先輩と付き合うことになって、1週間が経ったある日の月曜日。
私は玲太くんを呼び出した。
「この前は本当にごめんなさい」
学校を仮病で休んだ日に玲太くんの胸ぐらを掴み、怒鳴ってしまったため、その反省を踏まえ、頭を下げて謝罪した。
「……そのことを謝るためにわざわざ呼び出したのかよ」
「う、うん…。だって、私、あの時玲太くんにひどいことしちゃったし。

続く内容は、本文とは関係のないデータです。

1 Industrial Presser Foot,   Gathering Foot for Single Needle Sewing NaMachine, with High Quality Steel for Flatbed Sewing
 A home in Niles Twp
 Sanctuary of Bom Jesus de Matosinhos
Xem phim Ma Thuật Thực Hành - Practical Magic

……それに、玲太くんとこのまま仲悪い関係でいるのも嫌だったから…」
「……」
はぁ…と呆れたようなため息をつかれ、ビクッと肩が飛び跳ねた。
「……俺もごめん」
予想外な返事が返ってきて、咄嗟に顔を上げる。
無愛想で、全然素直じゃない玲太くんの口から『ごめん』という言葉が出てきて、聞き間違いなんじゃないかと思って耳を疑った。
驚いている私を見て、「何だよ」と言いたげな目でジロリと睨まれる。
「玲太くんって謝れるんだね…」
「喧嘩売ってんのか」
「いででで…!」
失礼なことを言うと、両方のほっぺたをつままれ、左右同時に引っ張られる。
玲太くんは私の間抜けな顔を見て満足したのか、鼻で笑いながらパッとつまんでいた頬を離した。